▶ **Task goal**
Pictures must not appear in the copy. Reproduce exactly, and only, the lines from the one with "Side pose of" through the end of the data below.
[Information provided Boundary: Start]
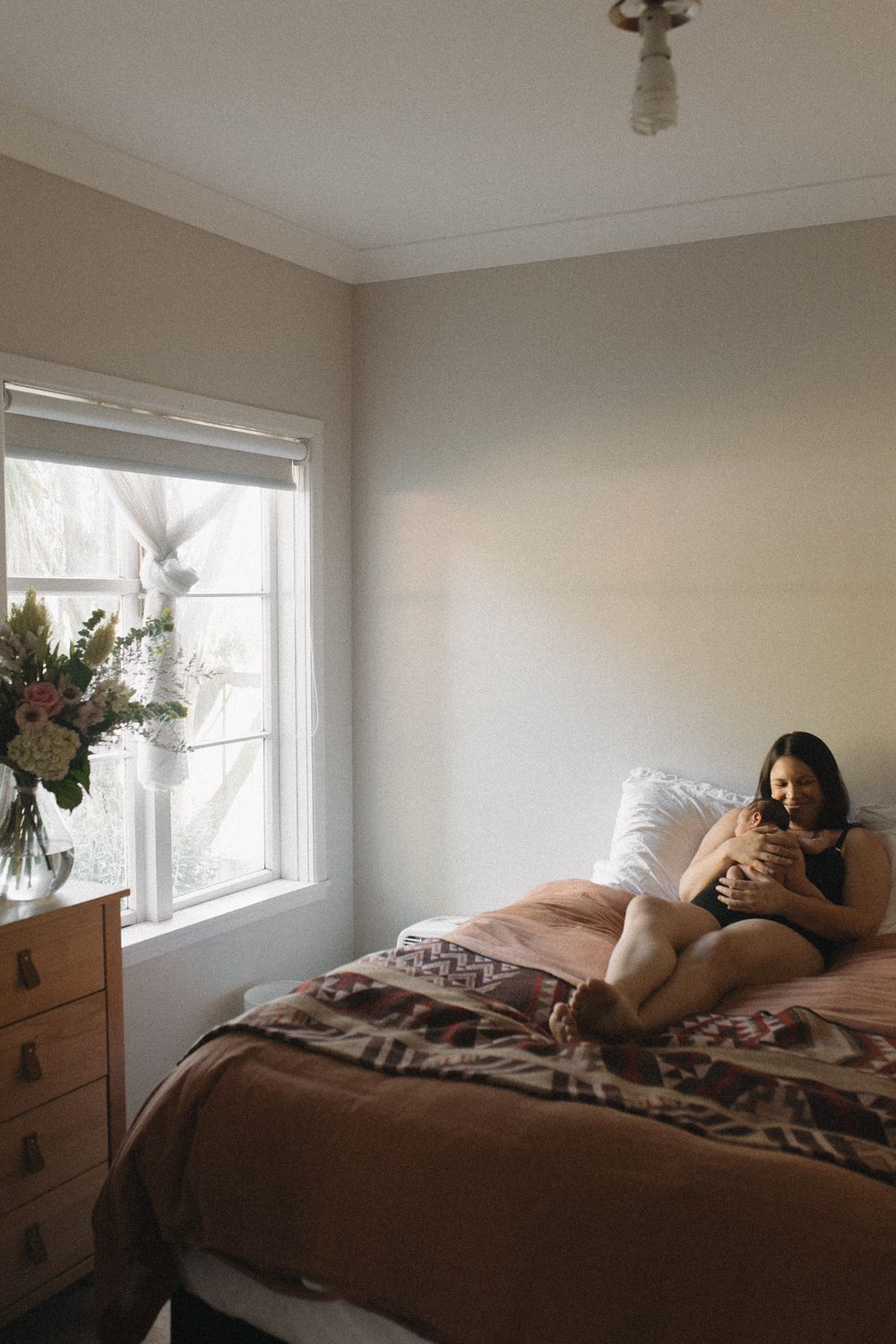 Cozy bedroom scene with natural light streaming through window and floral arrangement on dresser.
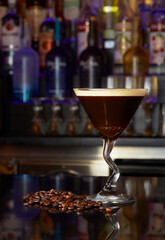Espresso Martini Coffee-flavored cocktail in a zig-zag martini glass with coffee beans.Bar and bottles in the background. White light on background.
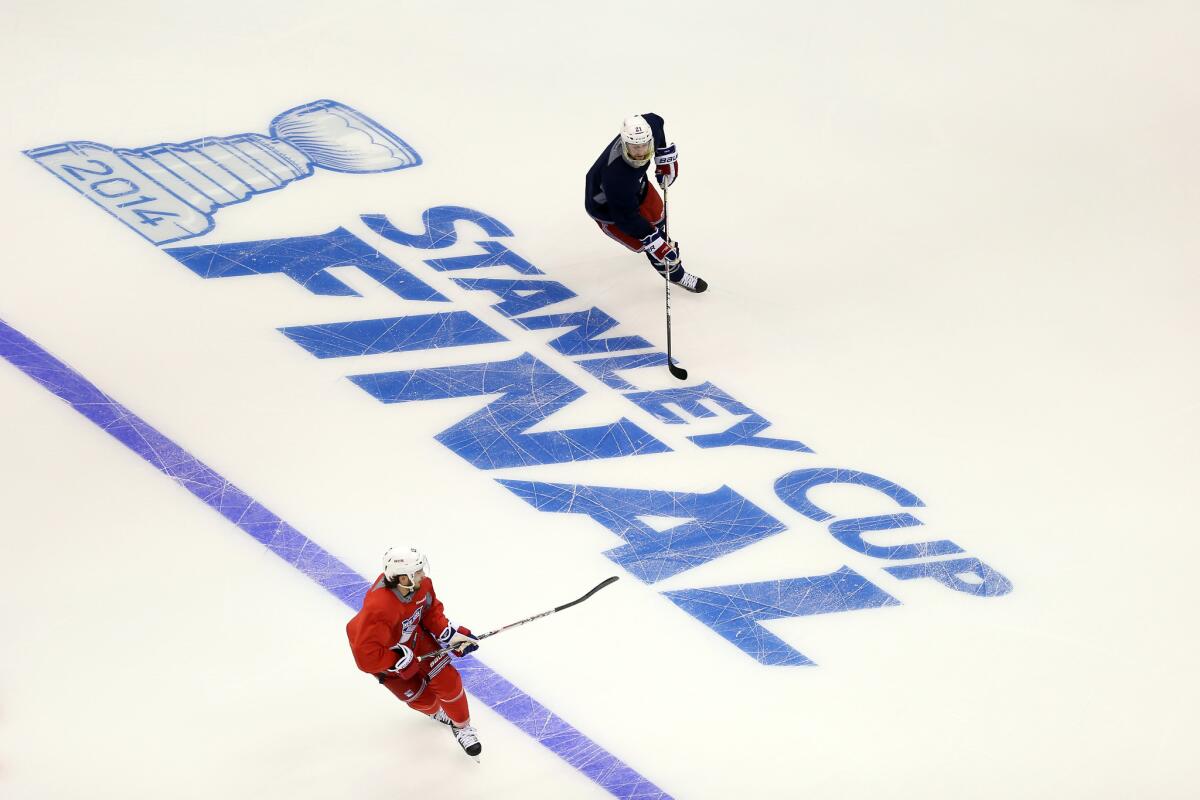 The New York Rangers skate during a practice session ahead of the 2014 NHL Stanley Cup Final at Staples Center on Tuesday. The governors of California and New York are wagering rice cakes and hockey pucks on the match.
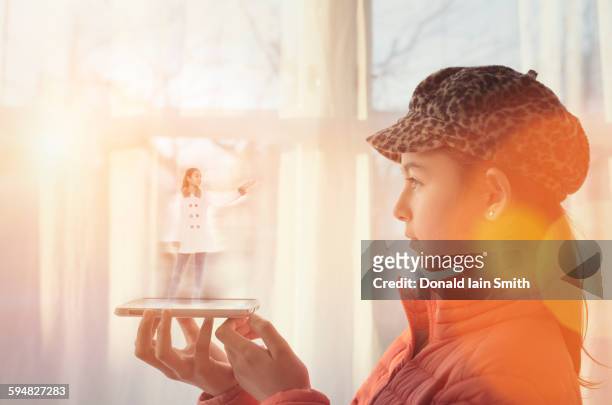 mixed race girl examining hologram projection - smartphone hologram stockfoto's en -beelden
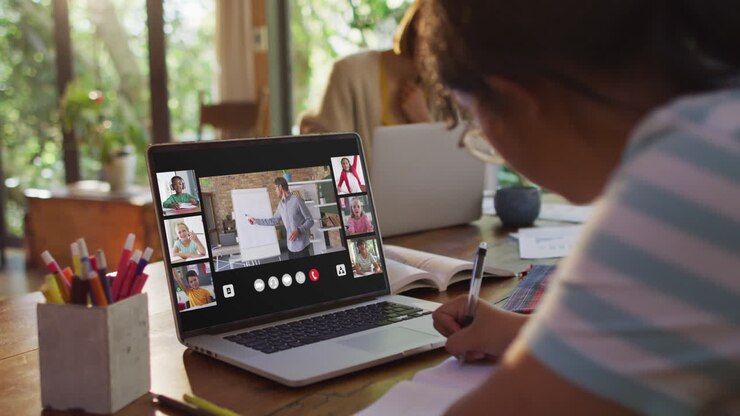 Schoolgirl using laptop for online lesson at home, with diverse teacher and class on screen
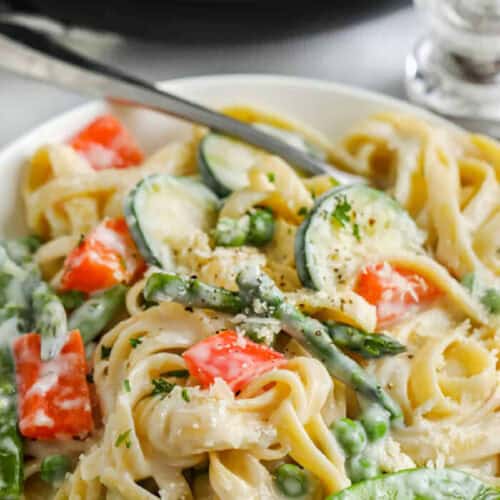 plated Pasta Primavera with pan full in the back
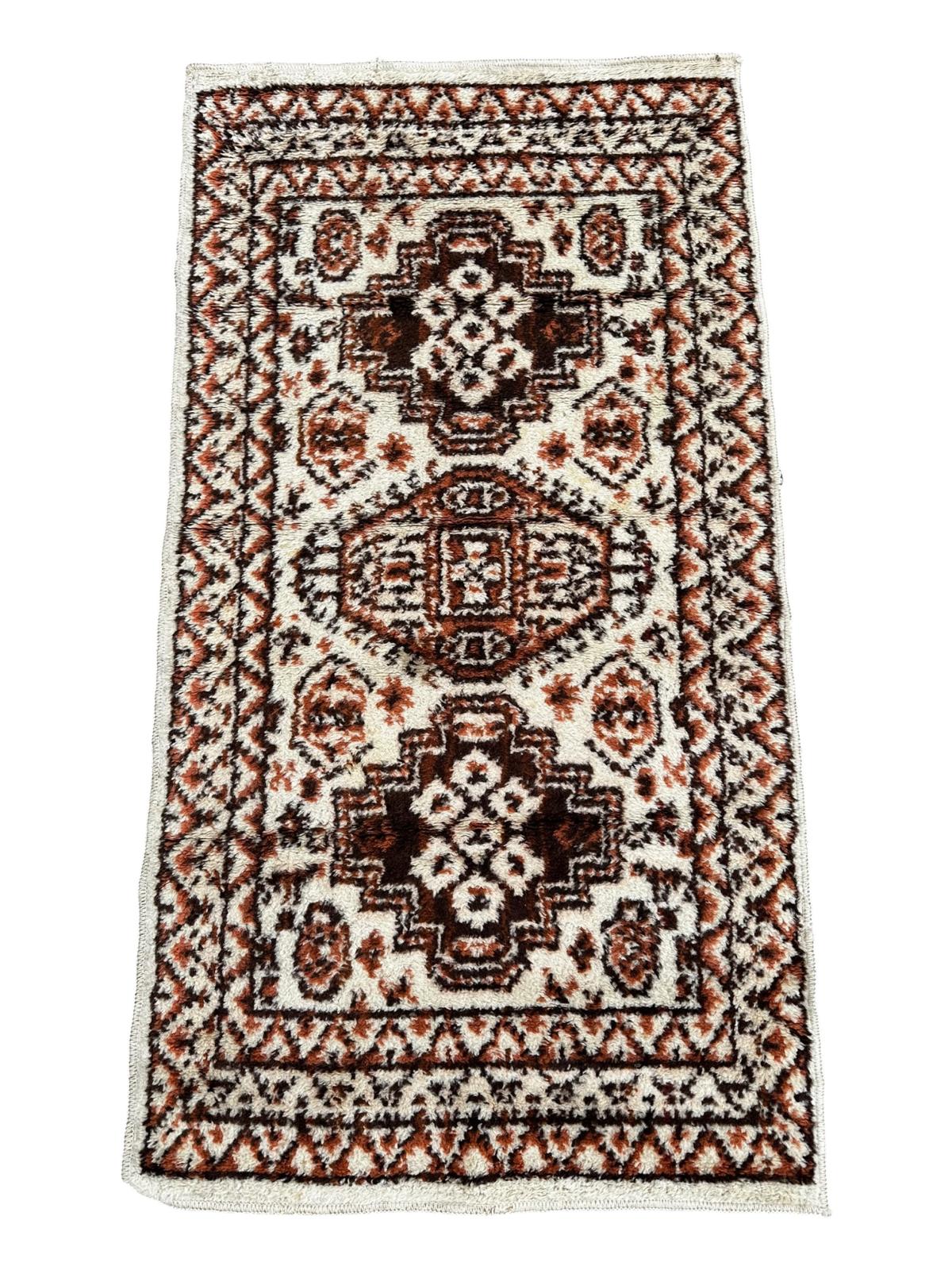 Paire de tapis de style oriental 120cm x 60cm
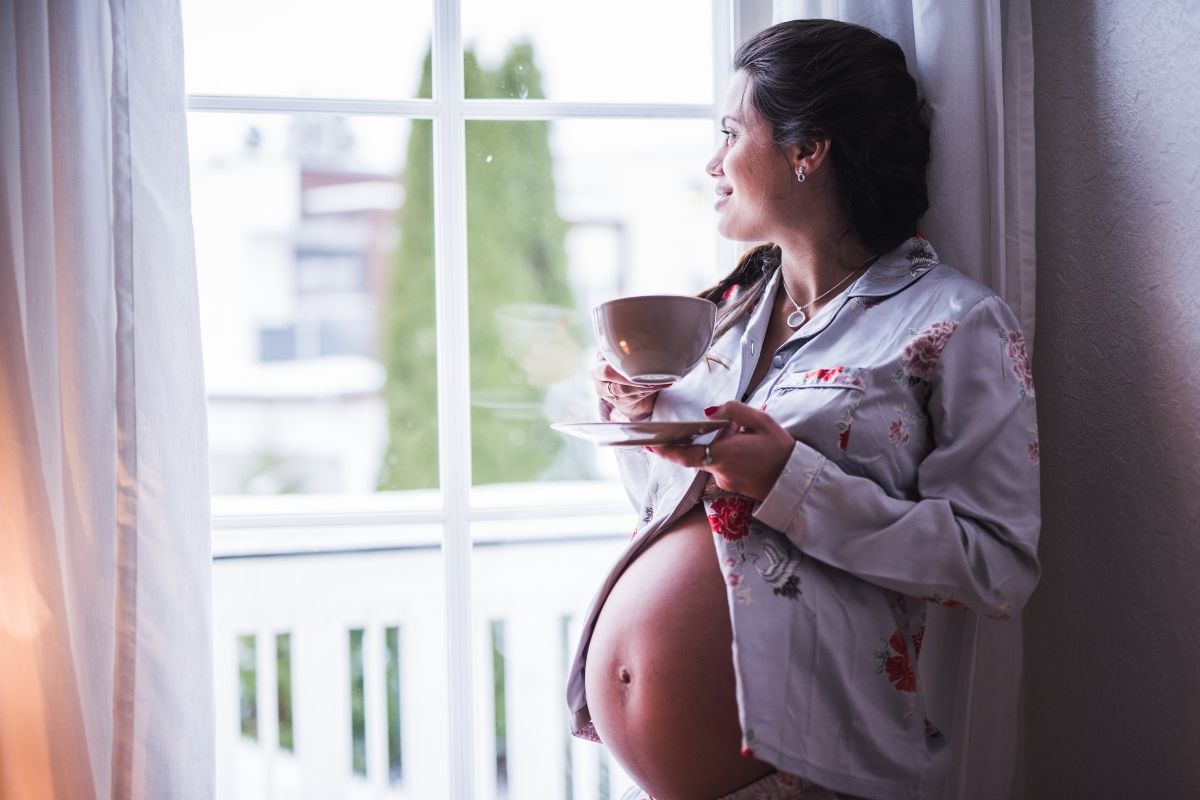 pregnant woman having a cup of coffee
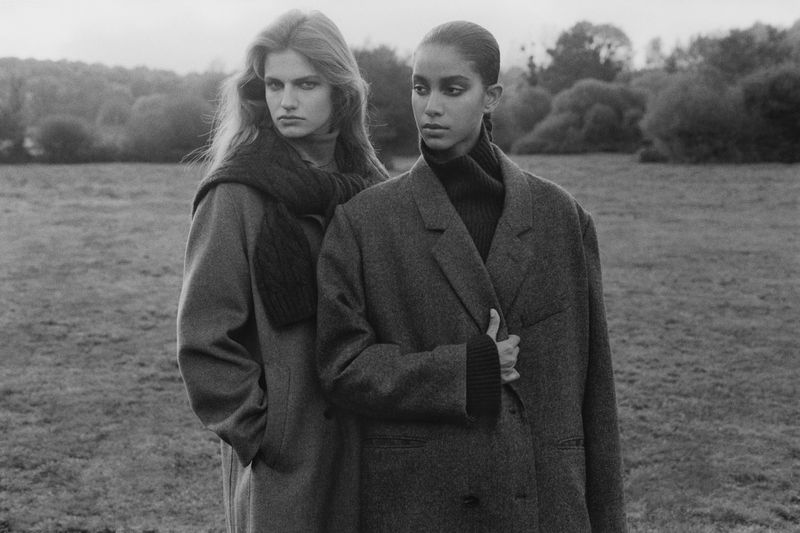 Two female models in oversized coats and turtlenecks posing outdoors in a grassy field under an overcast sky.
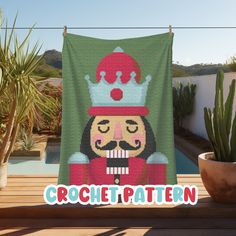 a blanket with a cartoon character on it next to a potted cacti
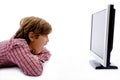 Side pose of boy watching lcd screen Royalty Free Stock Photo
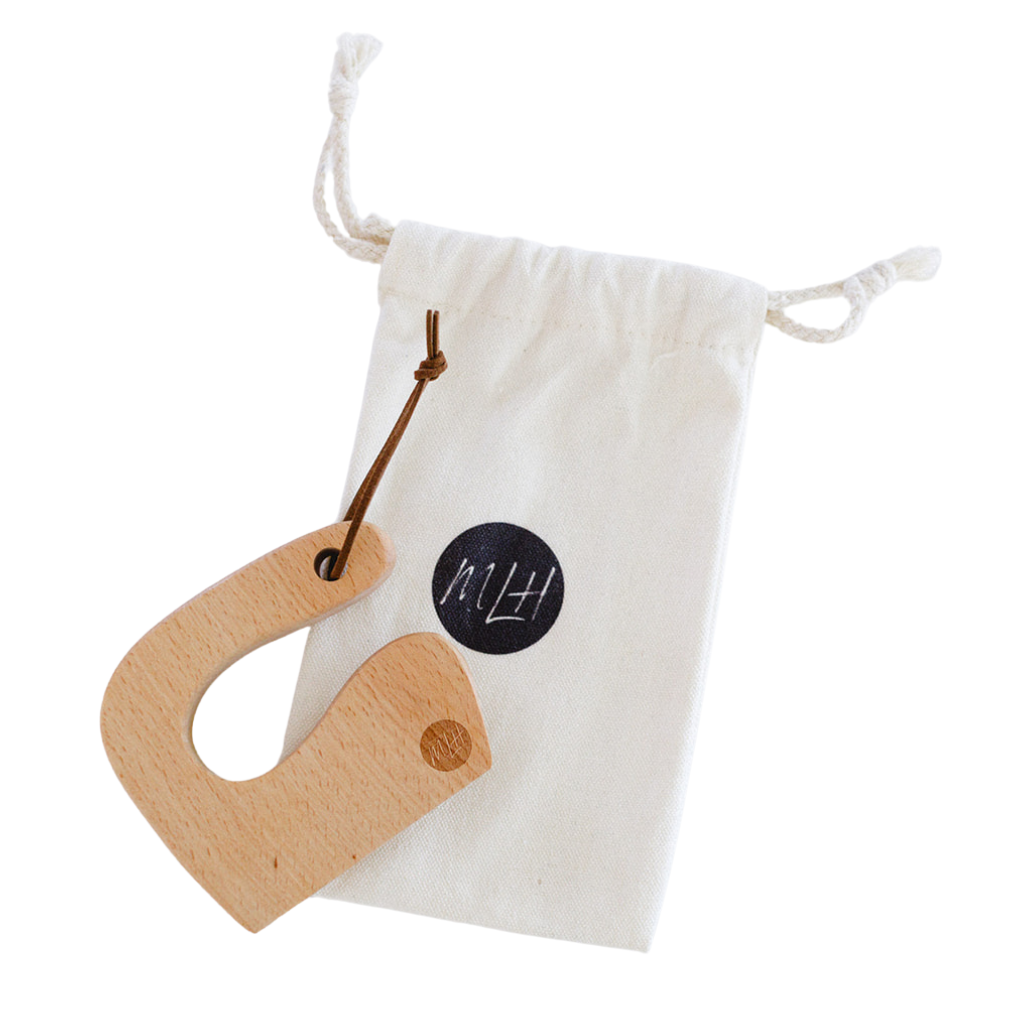 Wooden knife on a white drawstring bag with a visible brand logo.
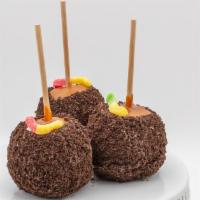 Outrageous Oreo Caramel Apple · Caramel apple dunked in white chocolate, rolled in oreo cookie crumbs, and topped with gummy...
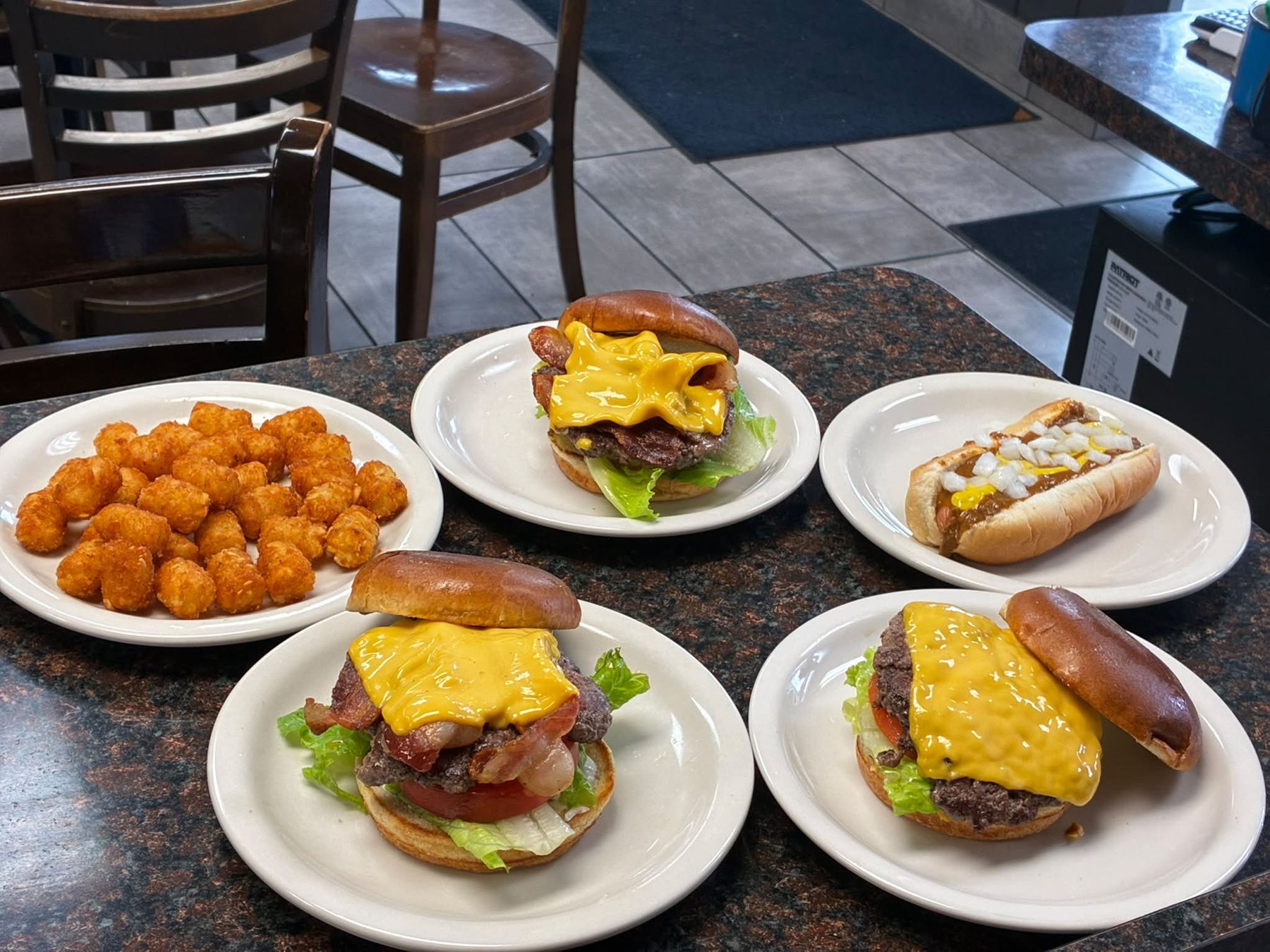 Burgers, a coney dog and tater tots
[Information provided Boundary: End]
▶ **Result of this task**
 Side pose of boy watching lcd screen Royalty Free Stock Photo
 Wooden knife on a white drawstring bag with a visible brand logo.
 Outrageous Oreo Caramel Apple · Caramel apple dunked in white chocolate, rolled in oreo cookie crumbs, and topped with gummy...
 Burgers, a coney dog and tater tots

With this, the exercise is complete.